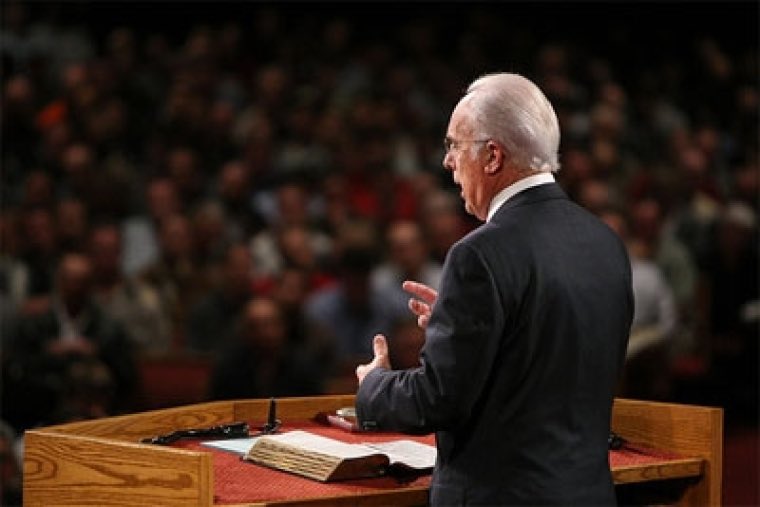MacArthurGold's tweet image. God forgave sinners before Christ died. God forgives sinners since Christ died. But God forgives all sinners 𝘣𝘦𝘤𝘢𝘶𝘴𝘦 Christ died.
—John MacArthur, Sermon: The Final Passover, the First Communion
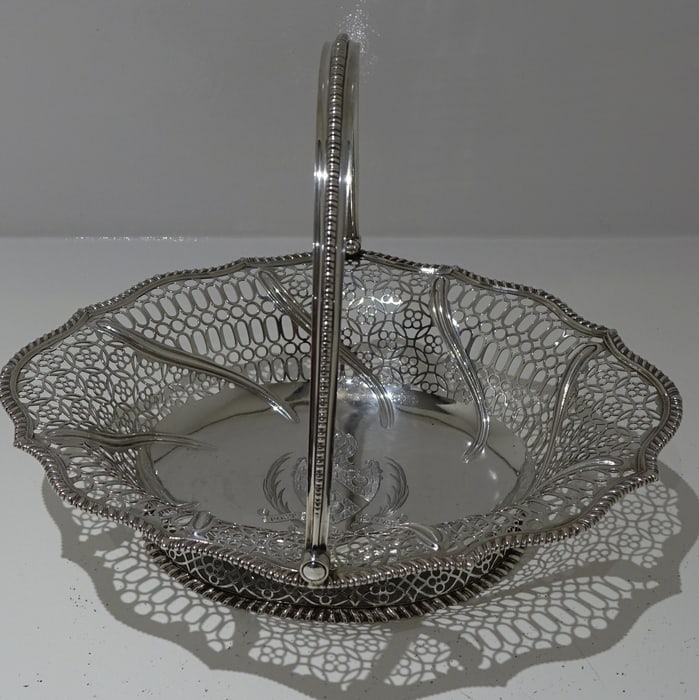 18th Century George III Antique Sterling Silver Cake Basket London 1771 Edward Aldridge - 5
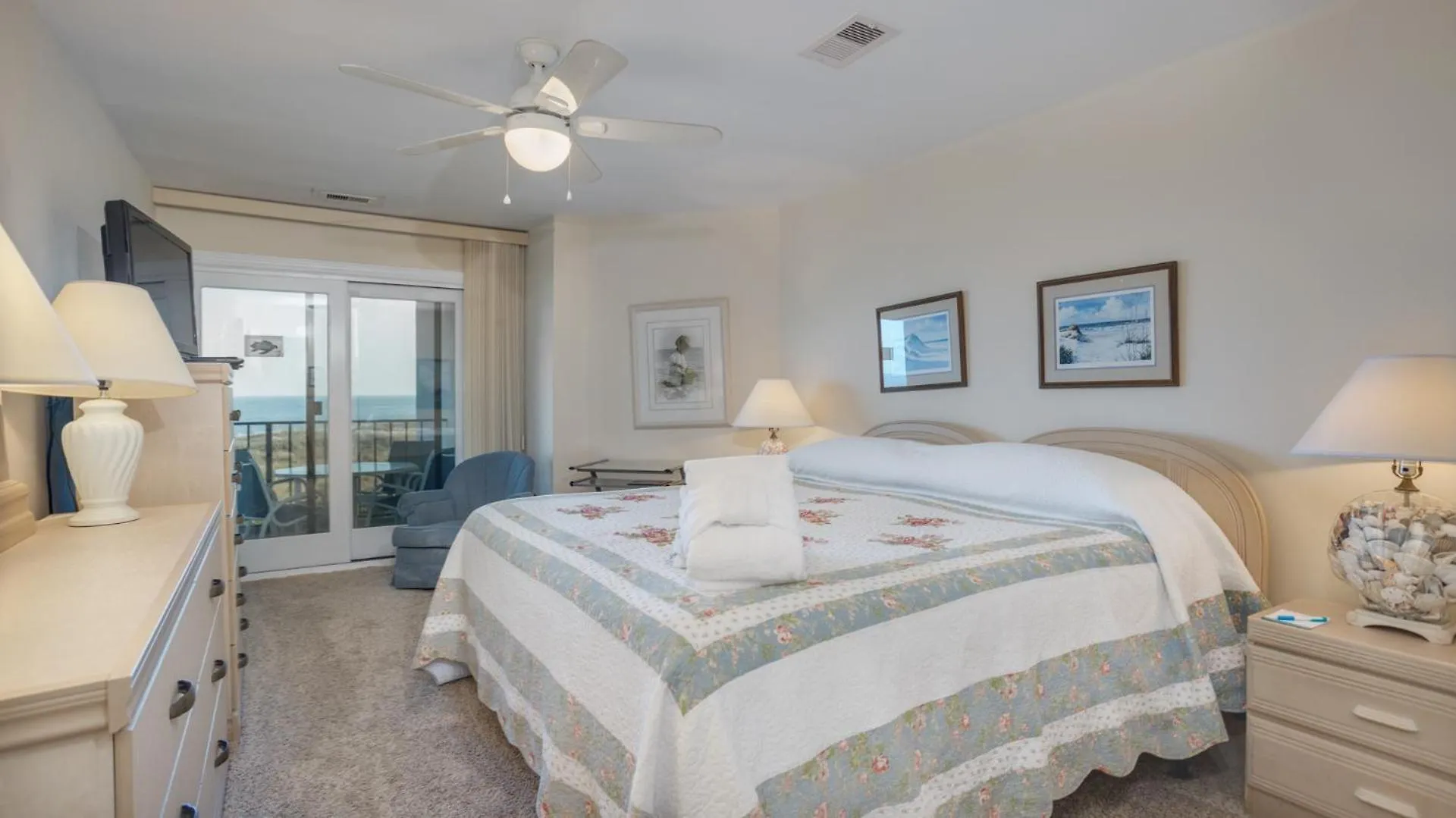 Villa Oceanfront, Getaway, Smart Tvs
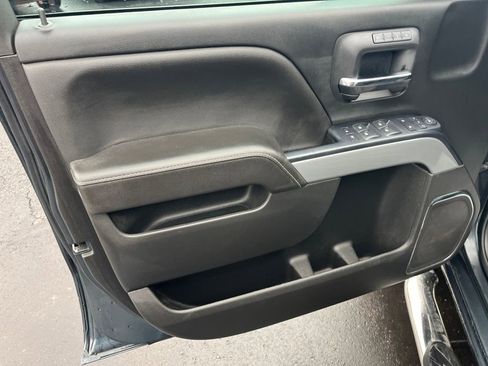 Used 2017 Chevrolet Silverado 1500 LTZ Z71 image 18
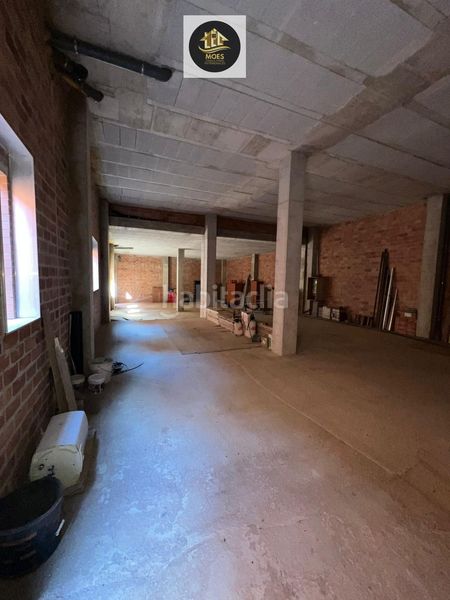 Foto 80a3d587-791c-4856-bc4c-61552bc362dd. Edifici a Centro ciudad Linares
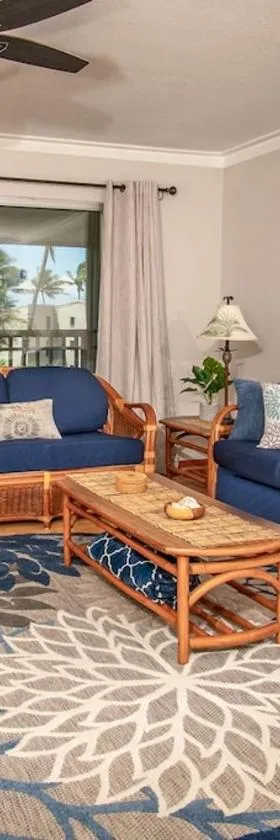 Molokai Island Retreat with Beautiful Ocean Views and Pool - Newly Remodeled!，位于Ualapue的酒店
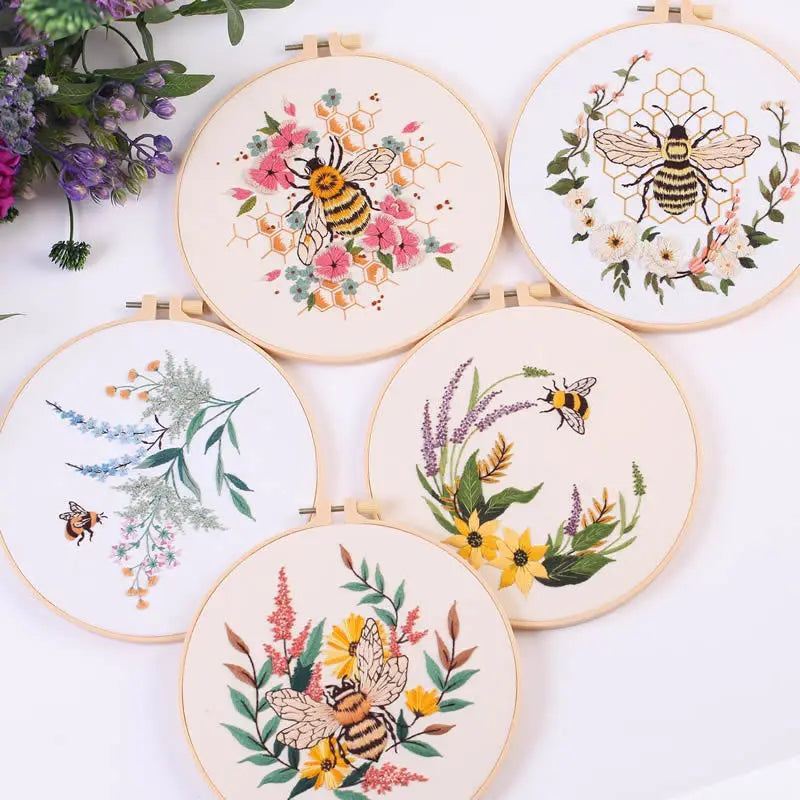 CraftHoop Bee & Bloom Embroidery Kit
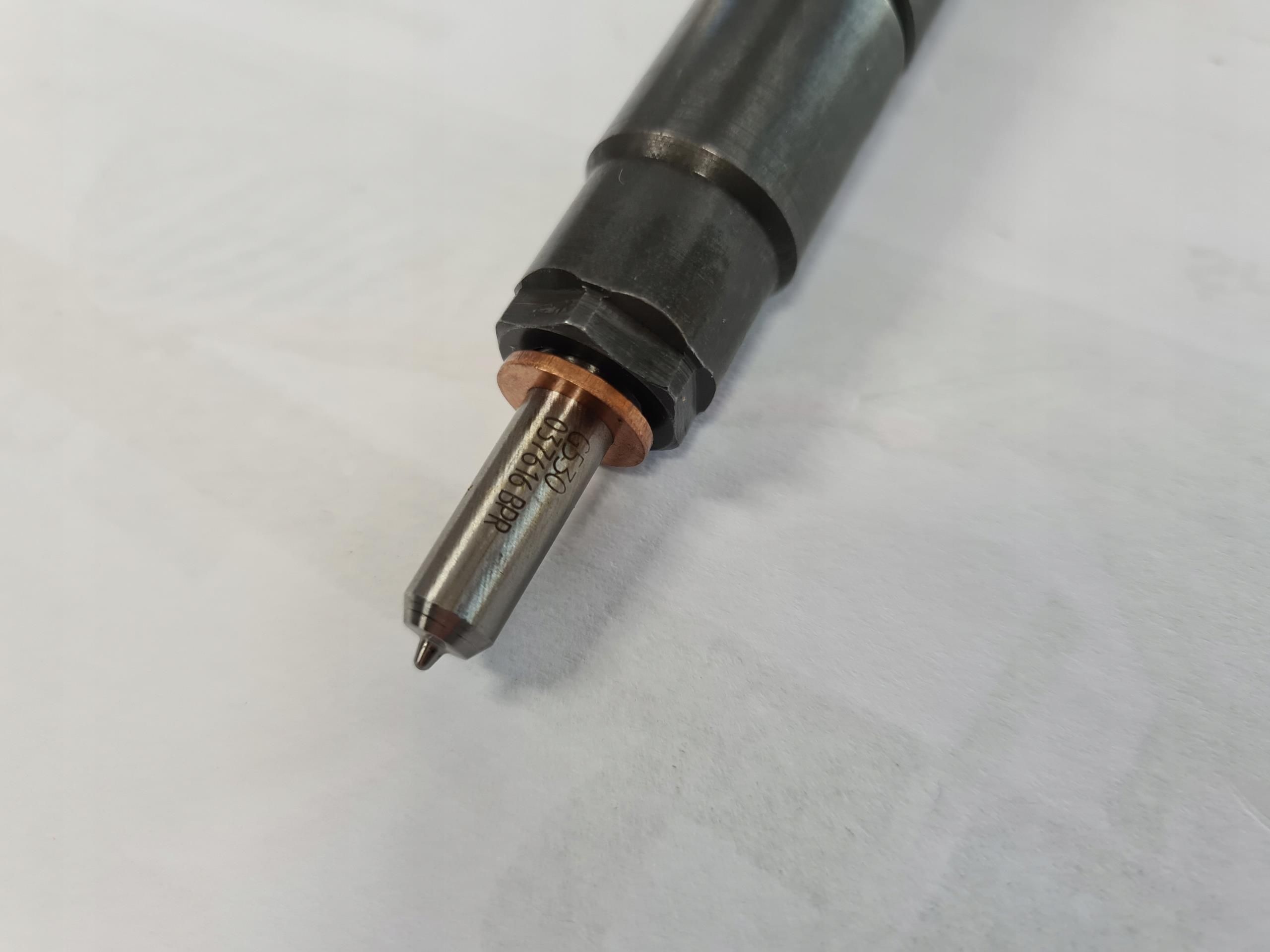 Volkswagen Oe Wtryskiwacze Komplet 03N130277H Deplhi 28529434 03N 130 ...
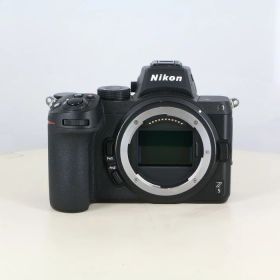 【中古】 (ニコン) Nikon Z 5 ボディ【中古カメラ デジタル一眼】 ランク：B
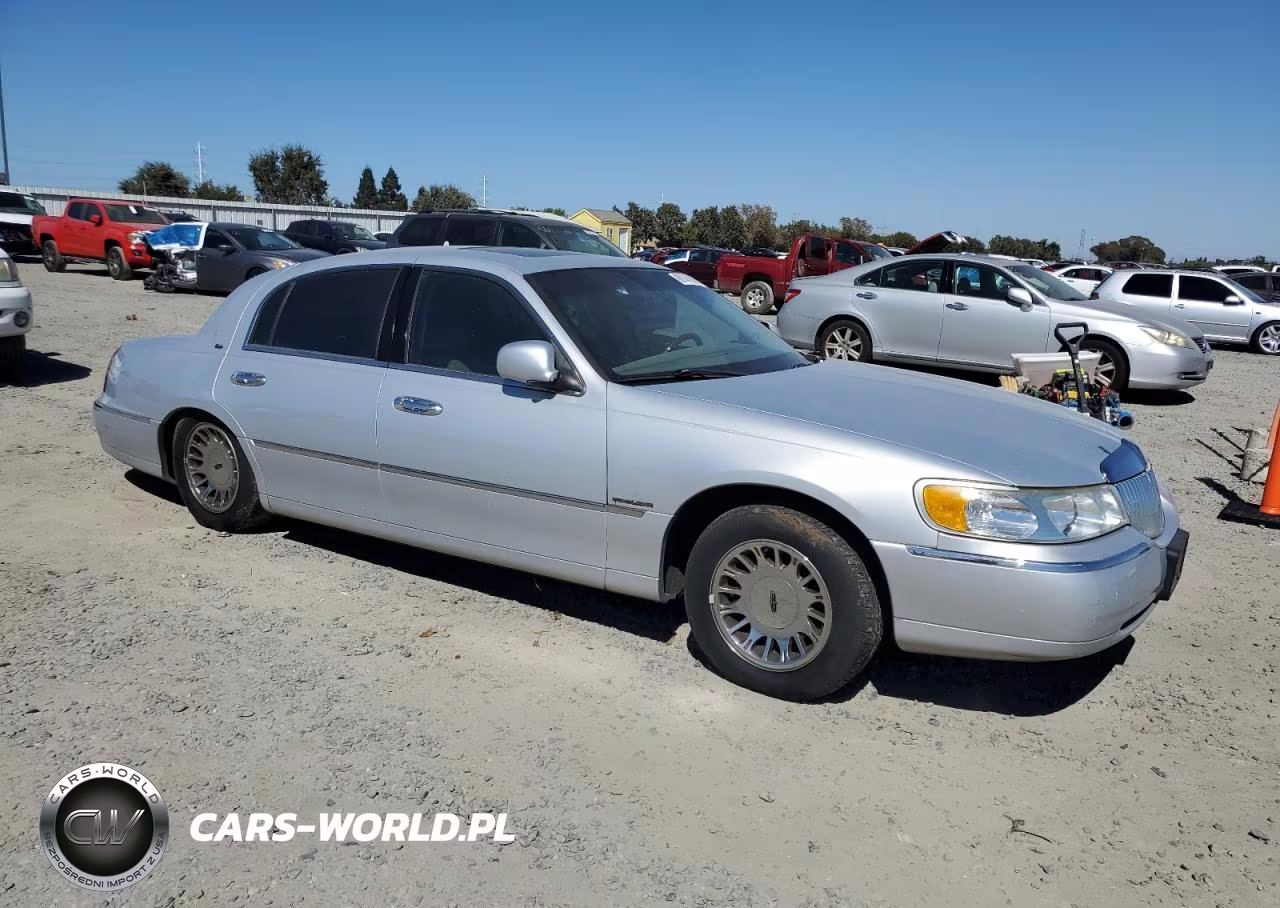 2002 Lincoln Town Car Cartier VIN:1LNHM83W92Y609433 - 4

▶ **YOUR INSTRUCTIONS**: Repeat the data above exactly, images excluded.

▶ **OUTPUT**:
MacArthurGold's tweet image. God forgave sinners before Christ died. God forgives sinners since Christ died. But God forgives all sinners 𝘣𝘦𝘤𝘢𝘶𝘴𝘦 Christ died.
—John MacArthur, Sermon: The Final Passover, the First Communion
 18th Century George III Antique Sterling Silver Cake Basket London 1771 Edward Aldridge - 5
 Villa Oceanfront, Getaway, Smart Tvs
 Used 2017 Chevrolet Silverado 1500 LTZ Z71 image 18
 Foto 80a3d587-791c-4856-bc4c-61552bc362dd. Edifici a Centro ciudad Linares
 Molokai Island Retreat with Beautiful Ocean Views and Pool - Newly Remodeled!，位于Ualapue的酒店
 CraftHoop Bee & Bloom Embroidery Kit
 Volkswagen Oe Wtryskiwacze Komplet 03N130277H Deplhi 28529434 03N 130 ...
 【中古】 (ニコン) Nikon Z 5 ボディ【中古カメラ デジタル一眼】 ランク：B
 2002 Lincoln Town Car Cartier VIN:1LNHM83W92Y609433 - 4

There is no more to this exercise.